START Information

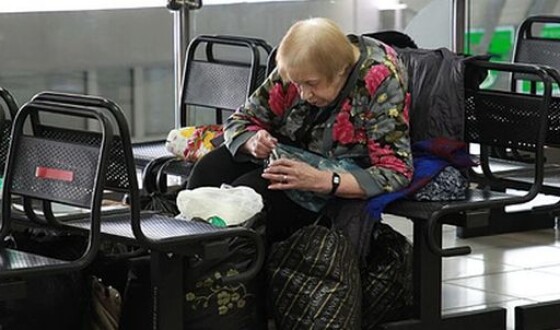У Росії пенсіонерка сім років живе у терміналі іркутського аеропорту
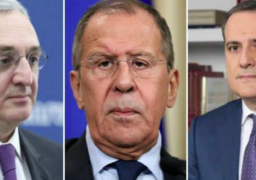 وزراء خارجية أرمينيا وروسيا وأذربيجان يعقدون اجتماعا ثلاثيا في أستانة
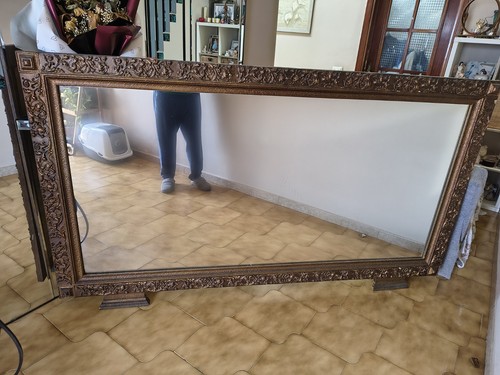 Specchio antico grande - specchio,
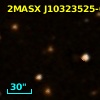 2MASX J10323525-0253243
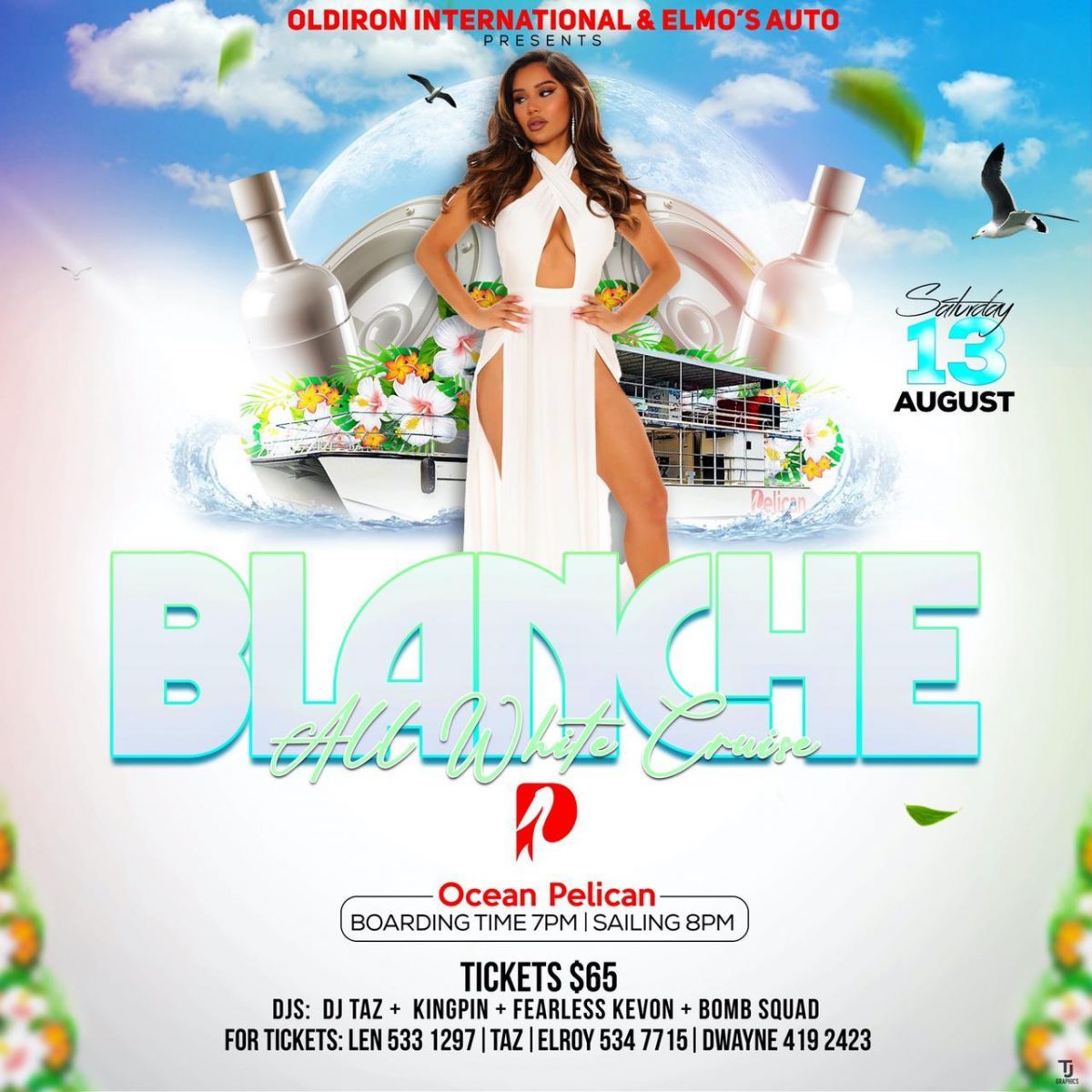 Blanche All White Cruise
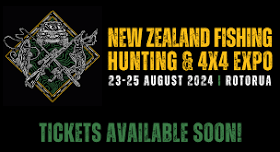 NZ FISHING HUNTING &amp; 4X4 EXPO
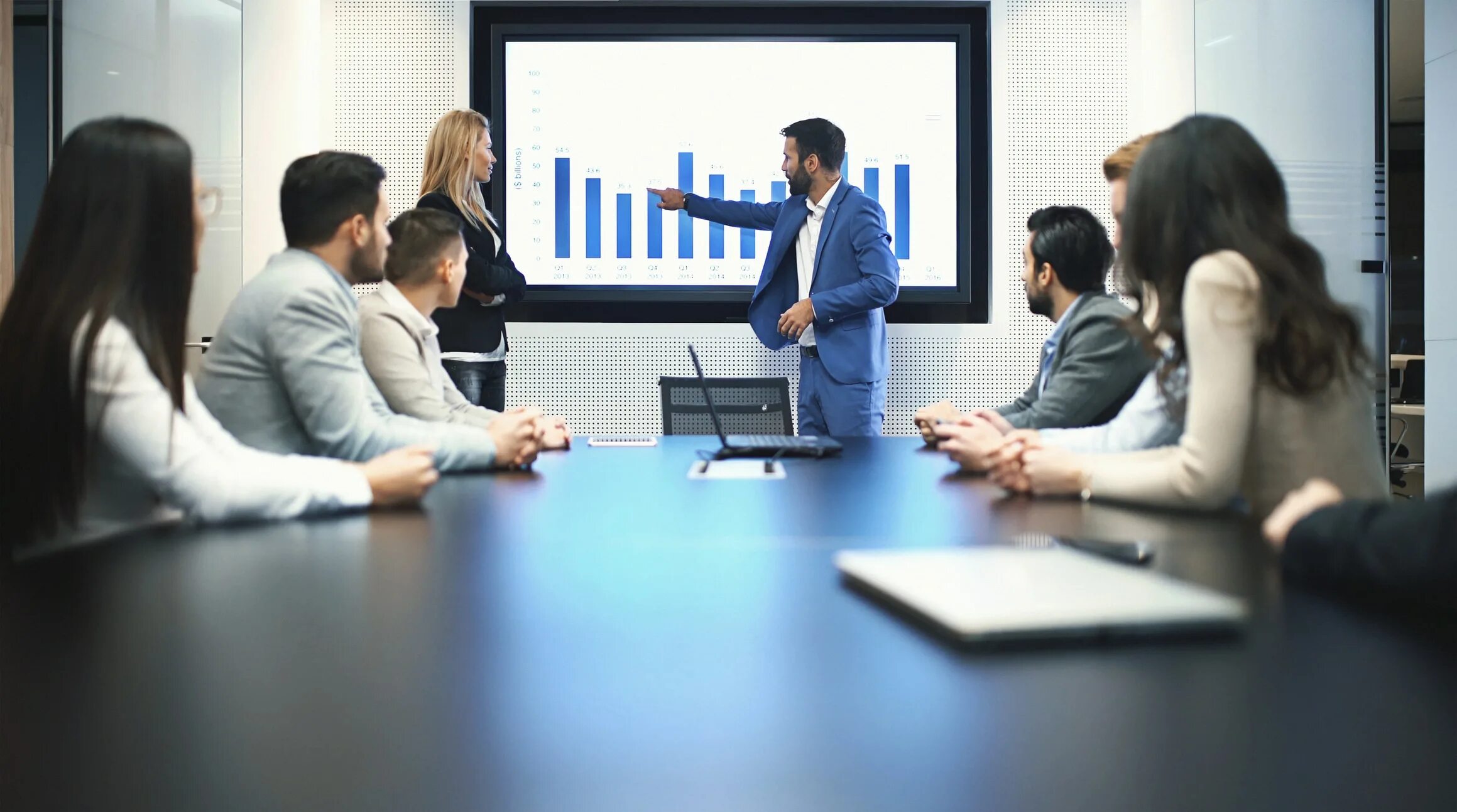 Delivering presentations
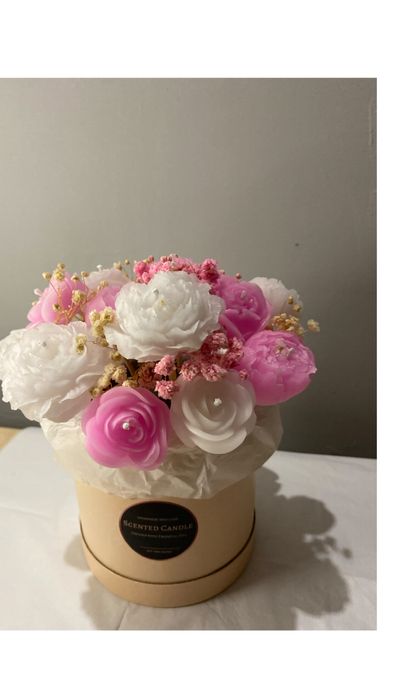 Продам такі  букети зі свічок ціна 480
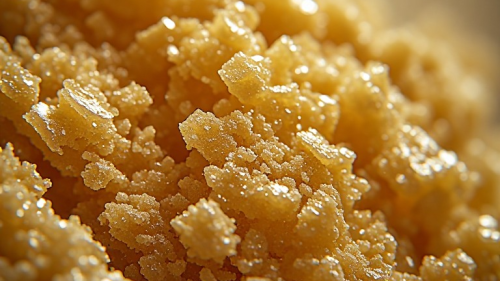 Soft and pliable golden hash brick texture – indica hash online Canada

END Information

Restate each entry word for word; omit the pictures.

У Росії пенсіонерка сім років живе у терміналі іркутського аеропорту
 وزراء خارجية أرمينيا وروسيا وأذربيجان يعقدون اجتماعا ثلاثيا في أستانة
 Specchio antico grande - specchio,
 2MASX J10323525-0253243
 Blanche All White Cruise
 NZ FISHING HUNTING &amp; 4X4 EXPO
 Delivering presentations
 Продам такі  букети зі свічок ціна 480
 Soft and pliable golden hash brick texture – indica hash online Canada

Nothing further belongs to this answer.